What is the difference between ASA and Grade of Service?
ASA measures the average wait time across all answered calls (e.g. 90 seconds). Grade of Service measures what percentage of calls are answered within a defined threshold (e.g. 80% within 20 seconds). They measure the same underlying phenomenon — queue wait time — but from different angles. GOS is better for workforce planning calculations; ASA is better for communicating the typical customer experience. Use both together for a complete picture.
How does ASA relate to AHT and staffing?
Average Handling Time (AHT) is one of the primary drivers of ASA. Longer AHT means agents are occupied for longer on each call, reducing how quickly they become available for the next call in queue — which increases wait times. Reducing AHT through better training, systems, and ACW reduction directly improves ASA without adding headcount. Staffing levels are the other primary lever — more agents means shorter queues and lower ASA.

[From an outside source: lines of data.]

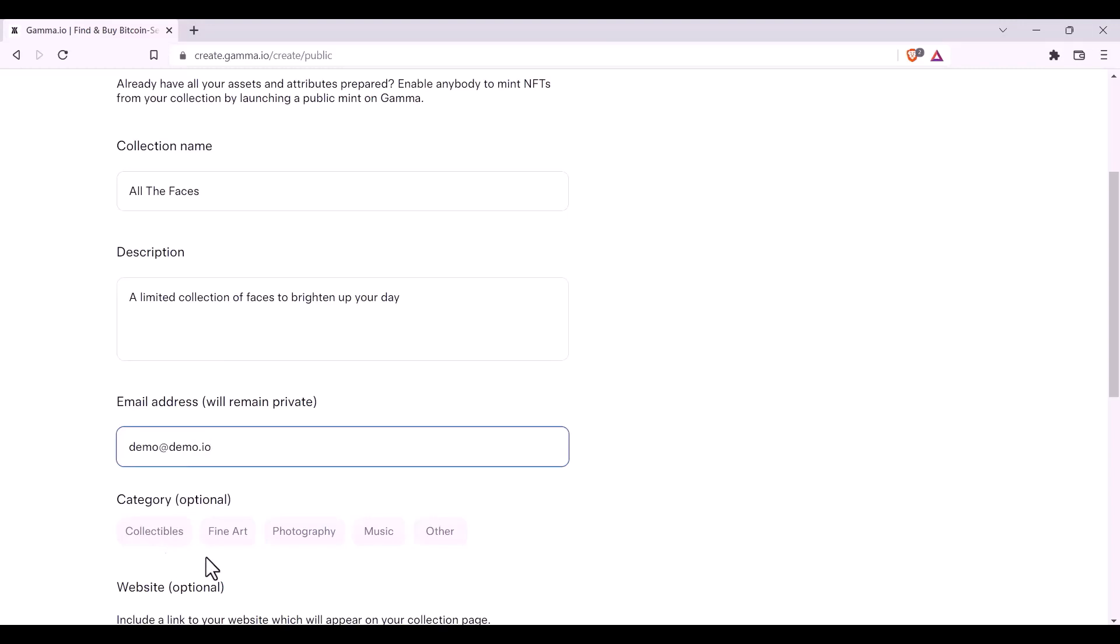either Collectibles, Fine Art, Photography, Music, or Other.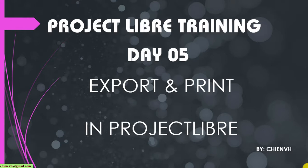Hi, this is ProjectLibre training course and today is Day 5. I'd like to show you how to work with the export and print in ProjectLibre. Okay, so now let's get started.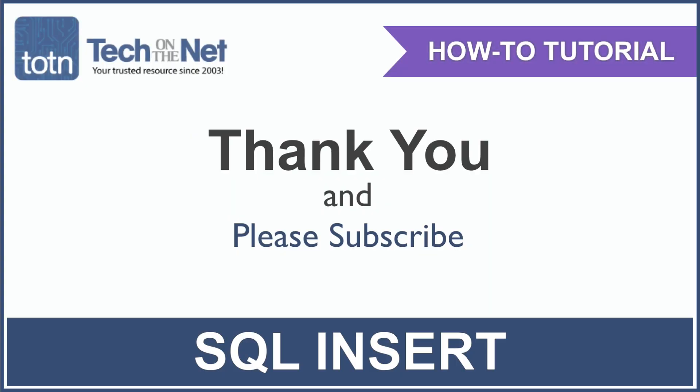If you found our tutorial helpful, please leave a like on this video, and don't forget to subscribe to our YouTube channel for more great SQL tutorials.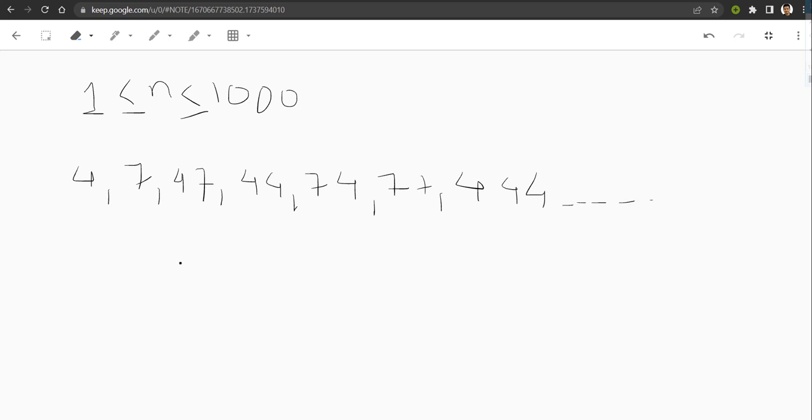And now what you have to do is check whether the given number n is completely divisible by any lucky number or not. That's it for the question. Let me go to the code now.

Which Australian industries have the worst wait times?
Based on ACXPA's Australian Call Centre Rankings independent mystery shopping data (measuring new customer contacts), Banks have significantly the longest average wait times — more than three times longer than most other sectors. Aged Care and Councils also run above average. Internet providers have the lowest average wait times among sectors measured. Note that this data reflects new/prospective customer calls, not existing customer service contacts.
Where to Next
Summary: Average Speed of Answer
Average speed of answer is the average time customers wait in queue before being answered — one of the most direct measures of contact centre accessibility available. Australian benchmarking data shows that most contact centres are answering calls in 97–130 seconds on average, with significant variation by sector. Banks are a notable outlier with wait times substantially higher than all other sectors measured by ACXPA's independent research.
ASA is a useful and important metric — but it comes with two critical limitations that every contact centre manager should understand. Abandoned calls are excluded, which means high-wait customers are systematically omitted from the average. And IVR time is excluded, which means the total customer waiting experience is typically longer than ASA suggests. Always report ASA alongside abandonment rate, and always caveat it with the IVR exclusion when communicating to stakeholders.
Improving ASA requires getting the fundamentals right: accurate forecasting, appropriate staffing, reduced AHT, and interval-level monitoring. The Erlang C Calculator is the right tool to model the staffing implications of any ASA target before committing to it.